### [Task to complete]
Only a slice of the listing below is wanted. Retype the lines from the one containing "The Thirty-Nine Steps" through the one containing "Tsunami Pump Stainless", exactly, both ends included.

### [Raw data]

++++++

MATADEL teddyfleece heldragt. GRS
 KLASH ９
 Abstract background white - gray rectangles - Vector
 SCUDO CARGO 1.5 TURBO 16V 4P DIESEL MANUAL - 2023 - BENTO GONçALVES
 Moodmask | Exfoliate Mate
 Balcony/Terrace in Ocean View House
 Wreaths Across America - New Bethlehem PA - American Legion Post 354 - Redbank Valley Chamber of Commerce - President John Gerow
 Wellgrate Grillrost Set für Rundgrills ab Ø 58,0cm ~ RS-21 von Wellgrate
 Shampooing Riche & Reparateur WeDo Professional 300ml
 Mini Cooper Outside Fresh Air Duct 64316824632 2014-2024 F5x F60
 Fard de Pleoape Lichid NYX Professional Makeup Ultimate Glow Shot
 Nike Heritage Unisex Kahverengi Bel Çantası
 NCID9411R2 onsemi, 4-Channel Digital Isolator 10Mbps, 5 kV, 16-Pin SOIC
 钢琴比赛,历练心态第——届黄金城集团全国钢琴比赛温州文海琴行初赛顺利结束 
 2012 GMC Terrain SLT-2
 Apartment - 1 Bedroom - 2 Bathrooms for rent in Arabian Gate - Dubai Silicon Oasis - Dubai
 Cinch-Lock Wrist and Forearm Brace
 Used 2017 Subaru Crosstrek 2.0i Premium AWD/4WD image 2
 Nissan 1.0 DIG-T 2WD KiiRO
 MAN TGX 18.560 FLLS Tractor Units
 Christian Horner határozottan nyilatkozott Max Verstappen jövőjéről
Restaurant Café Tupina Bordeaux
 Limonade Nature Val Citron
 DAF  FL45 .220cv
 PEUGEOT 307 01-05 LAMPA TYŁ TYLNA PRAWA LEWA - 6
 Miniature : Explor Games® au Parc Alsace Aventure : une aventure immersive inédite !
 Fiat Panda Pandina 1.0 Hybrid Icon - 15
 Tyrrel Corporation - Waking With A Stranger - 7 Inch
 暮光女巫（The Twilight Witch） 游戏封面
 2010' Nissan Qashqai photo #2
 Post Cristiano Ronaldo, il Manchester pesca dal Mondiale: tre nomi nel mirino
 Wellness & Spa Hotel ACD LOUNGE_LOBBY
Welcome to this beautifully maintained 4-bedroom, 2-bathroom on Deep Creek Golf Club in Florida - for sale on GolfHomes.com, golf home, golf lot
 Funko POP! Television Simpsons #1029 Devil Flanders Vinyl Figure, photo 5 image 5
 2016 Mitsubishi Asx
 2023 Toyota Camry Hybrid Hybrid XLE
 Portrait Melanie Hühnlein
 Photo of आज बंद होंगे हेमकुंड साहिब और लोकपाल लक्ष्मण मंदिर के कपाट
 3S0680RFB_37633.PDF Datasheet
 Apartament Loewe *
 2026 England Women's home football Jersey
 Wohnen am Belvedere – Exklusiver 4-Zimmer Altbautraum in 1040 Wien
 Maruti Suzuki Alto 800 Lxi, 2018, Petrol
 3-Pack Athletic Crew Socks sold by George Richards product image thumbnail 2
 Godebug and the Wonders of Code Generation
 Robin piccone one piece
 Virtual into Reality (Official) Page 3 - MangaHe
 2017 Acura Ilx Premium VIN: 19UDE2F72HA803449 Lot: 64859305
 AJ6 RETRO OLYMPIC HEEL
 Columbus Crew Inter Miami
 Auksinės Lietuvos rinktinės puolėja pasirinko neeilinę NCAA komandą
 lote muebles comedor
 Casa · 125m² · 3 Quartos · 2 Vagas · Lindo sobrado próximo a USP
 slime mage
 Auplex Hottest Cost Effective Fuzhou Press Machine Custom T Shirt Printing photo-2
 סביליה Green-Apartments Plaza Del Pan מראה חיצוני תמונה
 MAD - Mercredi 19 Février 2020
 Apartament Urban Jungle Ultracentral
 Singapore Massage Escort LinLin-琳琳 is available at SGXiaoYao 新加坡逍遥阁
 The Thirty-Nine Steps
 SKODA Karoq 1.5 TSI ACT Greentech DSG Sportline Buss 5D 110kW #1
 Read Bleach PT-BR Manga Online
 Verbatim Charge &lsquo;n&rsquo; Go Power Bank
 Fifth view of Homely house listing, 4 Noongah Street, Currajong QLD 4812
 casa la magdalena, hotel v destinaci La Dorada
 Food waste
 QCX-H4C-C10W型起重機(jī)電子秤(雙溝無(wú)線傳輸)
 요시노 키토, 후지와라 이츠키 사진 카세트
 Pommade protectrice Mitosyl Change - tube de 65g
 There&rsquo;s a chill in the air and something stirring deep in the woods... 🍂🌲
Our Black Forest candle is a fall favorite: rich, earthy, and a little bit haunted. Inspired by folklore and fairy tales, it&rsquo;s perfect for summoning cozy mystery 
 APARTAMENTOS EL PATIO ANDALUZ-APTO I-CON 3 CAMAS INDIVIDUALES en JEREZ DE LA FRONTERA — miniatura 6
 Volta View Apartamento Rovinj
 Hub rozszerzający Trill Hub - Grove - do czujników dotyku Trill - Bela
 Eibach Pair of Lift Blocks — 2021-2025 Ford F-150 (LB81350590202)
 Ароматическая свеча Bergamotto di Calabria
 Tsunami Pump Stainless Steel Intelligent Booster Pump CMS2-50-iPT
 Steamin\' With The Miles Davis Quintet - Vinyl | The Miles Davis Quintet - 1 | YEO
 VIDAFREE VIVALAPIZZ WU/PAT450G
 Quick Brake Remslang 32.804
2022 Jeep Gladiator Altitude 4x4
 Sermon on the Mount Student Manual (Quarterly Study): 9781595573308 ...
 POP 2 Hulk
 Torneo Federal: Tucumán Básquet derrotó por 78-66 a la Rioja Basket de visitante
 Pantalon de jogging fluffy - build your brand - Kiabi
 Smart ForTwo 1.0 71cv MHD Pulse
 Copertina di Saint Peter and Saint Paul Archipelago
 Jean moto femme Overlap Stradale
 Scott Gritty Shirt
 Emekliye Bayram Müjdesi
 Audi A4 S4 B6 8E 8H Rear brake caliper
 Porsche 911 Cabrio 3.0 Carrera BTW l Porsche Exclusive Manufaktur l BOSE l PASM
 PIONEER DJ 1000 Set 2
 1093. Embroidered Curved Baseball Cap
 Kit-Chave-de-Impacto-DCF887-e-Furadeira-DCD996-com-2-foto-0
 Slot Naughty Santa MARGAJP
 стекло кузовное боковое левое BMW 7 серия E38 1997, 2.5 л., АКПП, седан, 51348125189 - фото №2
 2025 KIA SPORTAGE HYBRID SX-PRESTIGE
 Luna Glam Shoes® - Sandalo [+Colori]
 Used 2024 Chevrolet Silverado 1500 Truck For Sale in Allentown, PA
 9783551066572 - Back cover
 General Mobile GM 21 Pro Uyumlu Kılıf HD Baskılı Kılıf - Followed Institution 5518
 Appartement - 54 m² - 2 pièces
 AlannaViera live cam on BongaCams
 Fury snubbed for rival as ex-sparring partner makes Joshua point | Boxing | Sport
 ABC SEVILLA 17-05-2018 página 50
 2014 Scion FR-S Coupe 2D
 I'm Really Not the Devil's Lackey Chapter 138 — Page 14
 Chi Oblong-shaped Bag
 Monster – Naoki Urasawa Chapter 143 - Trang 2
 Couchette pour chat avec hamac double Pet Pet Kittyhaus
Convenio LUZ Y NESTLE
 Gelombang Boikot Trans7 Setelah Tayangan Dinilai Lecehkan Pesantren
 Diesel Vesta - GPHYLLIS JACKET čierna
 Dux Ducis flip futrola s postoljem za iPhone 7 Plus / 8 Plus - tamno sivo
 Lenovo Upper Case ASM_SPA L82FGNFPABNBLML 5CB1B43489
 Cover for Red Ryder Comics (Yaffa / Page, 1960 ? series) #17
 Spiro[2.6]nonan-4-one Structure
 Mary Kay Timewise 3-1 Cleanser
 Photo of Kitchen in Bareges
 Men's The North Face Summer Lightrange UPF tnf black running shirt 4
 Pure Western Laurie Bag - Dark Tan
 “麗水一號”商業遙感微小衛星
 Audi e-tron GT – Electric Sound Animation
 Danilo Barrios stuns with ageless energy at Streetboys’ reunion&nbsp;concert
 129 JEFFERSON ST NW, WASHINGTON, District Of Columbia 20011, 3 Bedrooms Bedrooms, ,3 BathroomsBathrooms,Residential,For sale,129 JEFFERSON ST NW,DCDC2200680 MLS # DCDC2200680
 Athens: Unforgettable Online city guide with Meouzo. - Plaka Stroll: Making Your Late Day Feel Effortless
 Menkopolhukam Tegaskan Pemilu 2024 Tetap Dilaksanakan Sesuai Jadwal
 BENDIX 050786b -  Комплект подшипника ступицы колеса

++++++

### [Written solution]
 The Thirty-Nine Steps
 SKODA Karoq 1.5 TSI ACT Greentech DSG Sportline Buss 5D 110kW #1
 Read Bleach PT-BR Manga Online
 Verbatim Charge &lsquo;n&rsquo; Go Power Bank
 Fifth view of Homely house listing, 4 Noongah Street, Currajong QLD 4812
 casa la magdalena, hotel v destinaci La Dorada
 Food waste
 QCX-H4C-C10W型起重機(jī)電子秤(雙溝無(wú)線傳輸)
 요시노 키토, 후지와라 이츠키 사진 카세트
 Pommade protectrice Mitosyl Change - tube de 65g
 There&rsquo;s a chill in the air and something stirring deep in the woods... 🍂🌲
Our Black Forest candle is a fall favorite: rich, earthy, and a little bit haunted. Inspired by folklore and fairy tales, it&rsquo;s perfect for summoning cozy mystery 
 APARTAMENTOS EL PATIO ANDALUZ-APTO I-CON 3 CAMAS INDIVIDUALES en JEREZ DE LA FRONTERA — miniatura 6
 Volta View Apartamento Rovinj
 Hub rozszerzający Trill Hub - Grove - do czujników dotyku Trill - Bela
 Eibach Pair of Lift Blocks — 2021-2025 Ford F-150 (LB81350590202)
 Ароматическая свеча Bergamotto di Calabria
 Tsunami Pump Stainless Steel Intelligent Booster Pump CMS2-50-iPT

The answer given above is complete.